If I don’t know those two presenters, in particular, I do research to find out these things:
What do they speak about? What are they selling in the back of the room? What are their price points? Are they going to contradict my work? Now, you could do your research and still not know exactly what the person before you is going to say ~ or there could be a last-minute change in the line-up.
That’s why it’s absolutely essential that you be in the room to hear at least the speaker who’s going on right before you.
Be in the Room
You need to know what the audience just heard and adjust your speech, if necessary.
Don’t change what you’re teaching, but if you’re going to tell the audience something contradictory to what they just heard, you want to acknowledge that to the audience, so they don’t sit there, confused and uncomfortable.
That can be as simple as saying, “The previous speaker has a different perspective on this, but in my twenty years of working with clients, I have found that…”
Or you might be following someone with an emotional story, and you want to be sensitive and skillful, particularly in your opening remarks.
For instance, a couple of years ago, I was speaking at a conference in Cancun, Mexico, that, due to airline problems, had to make last-minute changes in the line-up. One day, I ended up speaking after Dick and Rick Hoyt, the father and son team, who have competed as a unit in 1,000 marathons and Ironman competitions, Dick pushing his disabled son in specially designed wheelchairs.

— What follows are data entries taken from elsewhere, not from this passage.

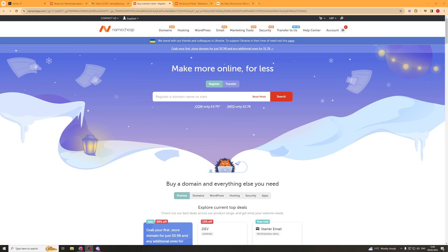In today's video I'm going to teach you how to connect your Namecheap domain to a Wix website. So let's get right into the video. Now if you want to grab yourself some hosting from Namecheap, there's a link in the description that will give you some insane discounts and it also helps out the channel. So let's get into how you actually do this.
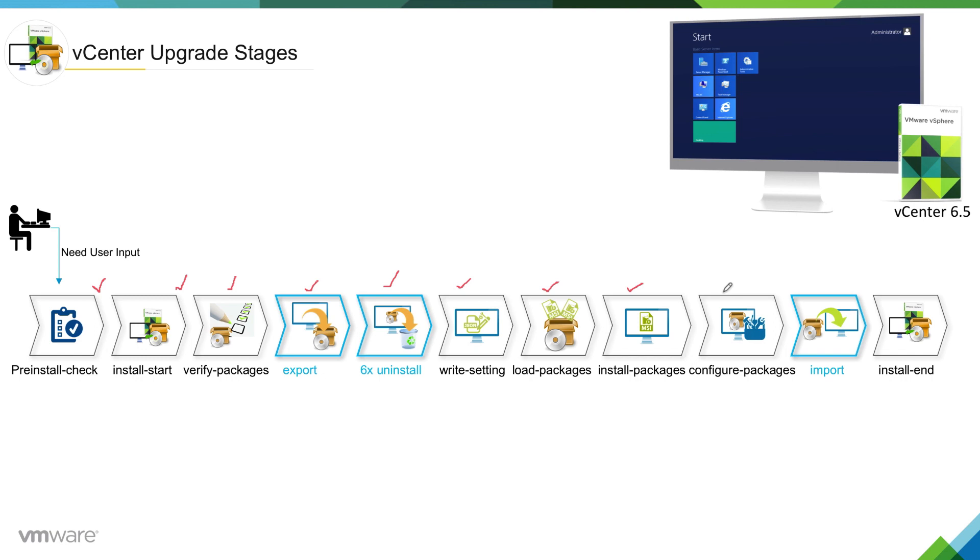This is known as configure package state or first boot stage. Once installer moves into this phase, it will configure all the components which were installed in previous phase.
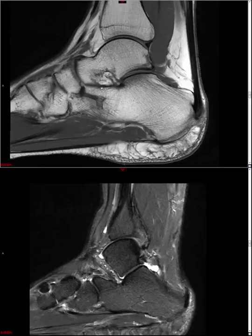Low signal throughout on all sequences suggests a more chronic process; fluid signal throughout suggests a more subacute to acute process. We want to see complete effacement of that sinus tarsi fat before invoking sinus tarsi syndrome.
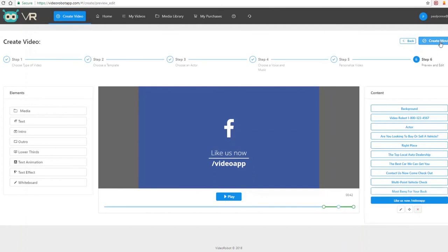When you're done, just click Create Movie and your video is ready — fast, because we use the same cloud server technology backing Google's own servers. Video Robot is super powerful, and that's what makes it such an exciting project. Thanks for watching, and I look forward to seeing you on the inside.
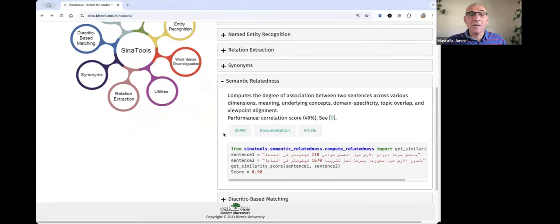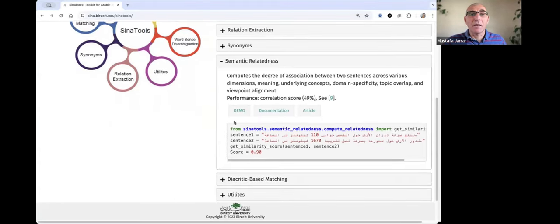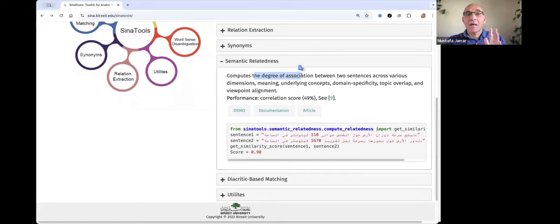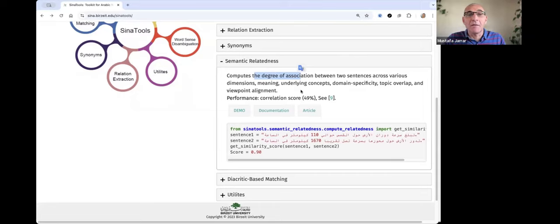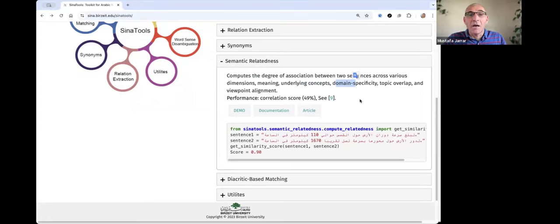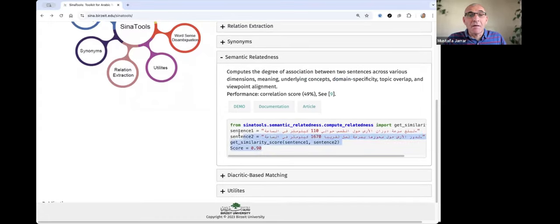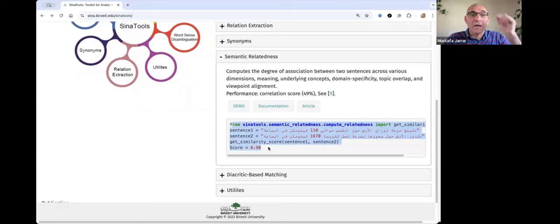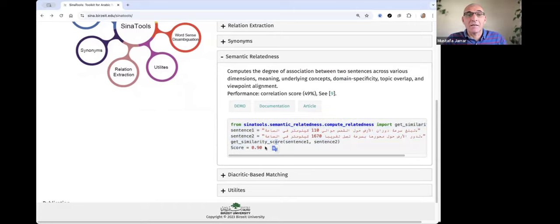The semantic relatedness module assigns a score to sentences. We can compute the degree of relatedness between them according to various things like meaning, underlying concepts, the domain, the topic, and so on. This is an example where you can use it — these two sentences, we score them like 90%.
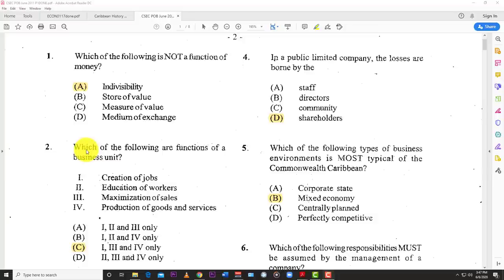Welcome back to LearnSKN. Today we have our next oldie but goodie for you — a Principles of Business Paper 1 from May/June 2011. Yes, all the way back to 2011, but some of the questions are still relevant, so let's just jump into it.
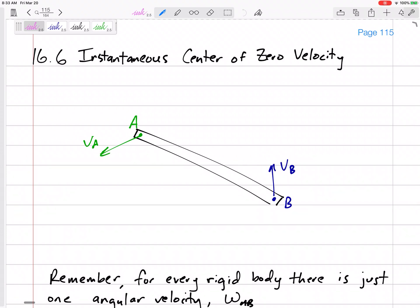We're going to look at a new method for dealing with bars and objects that are not in pure rotation. In pure rotation, V equals R omega. The last section was using the relative velocity method — that's a great method. We were using it for those bars, jumping from one end to another, from a velocity you know to one you don't, and solving the angular velocity of that bar.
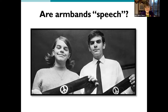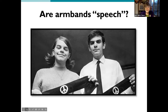Mary Beth explained the message of the armbands: they didn't have peace signs on them. The message at the time was to mourn the dead in Vietnam on both sides of the war — which made it very controversial — and to support a Christmas truce being proposed by Senator Robert Kennedy. The 14th Amendment was also very much involved because the school had allowed black armbands to be worn by other students to mourn the death of school spirit, making it an issue of viewpoint discrimination as well.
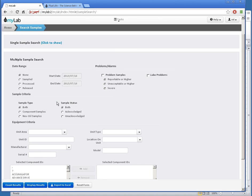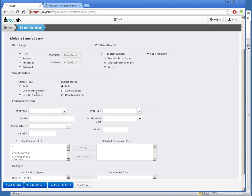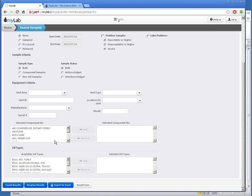And now I have many options to filter and define my search. I can pick several different date ranges here. I can choose only problem samples and severity here. I can limit the results to equipment or new oil samples, acknowledged or not. And I can filter by equipment information here and the kind of oil used here.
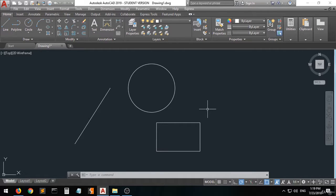Hi guys and welcome! In this lecture I'm going to show you how to set up AutoCAD for 2D drafting.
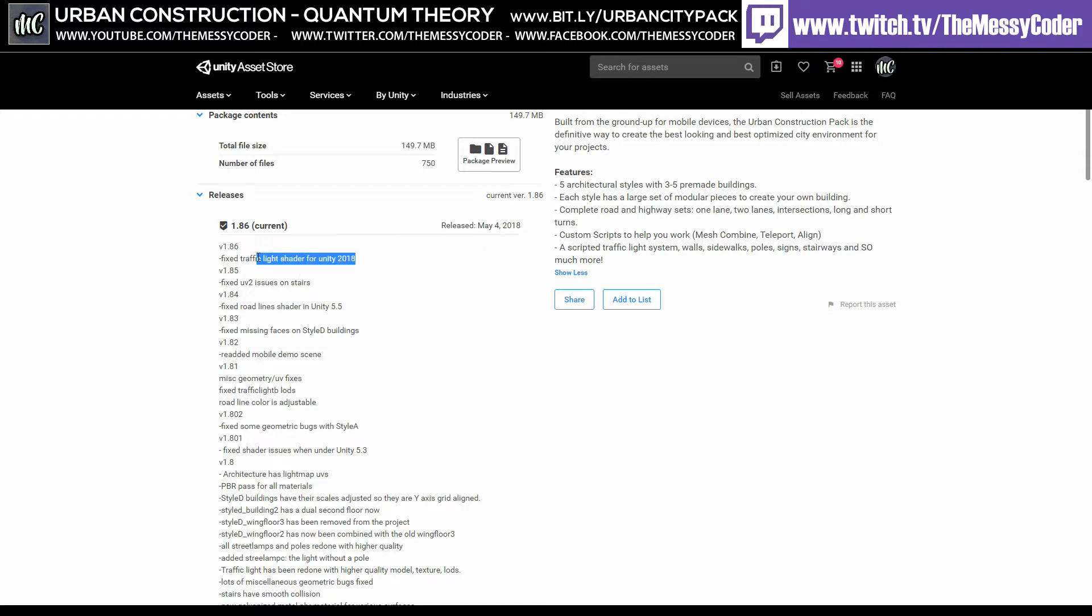But he's been updating the shaders, fixing some issues, adding bits and bobs, fixing problems. Not really changing the textures all that much.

When they finished speaking, there wasn’t a dry eye in the room, and no presenter would want to follow them. Getting up there and telling the audience that you’ve got the greatest thing since sliced bread just would not work.
I had to figure out how to transition from their story to mine and still look good.
Because I was in the room, listening to them, and reading the audience, I was able to come up with that thoughtful transition, and we ended up getting great sales that day. If I hadn’t been there to hear their story, I could have seemed insensitive or irrelevant, and our results would not have been nearly as good.
The Boy Scout motto applies here. Because no matter what you set up prior to going into a speaking engagement, you can be sure they’re going to change something once you get there.
If you’re not prepared, that change could mean the death of what you’re doing.
On the other hand, a little preparation goes a long way toward ensuring that you come out looking like a star with a bucketload of sales to show for it.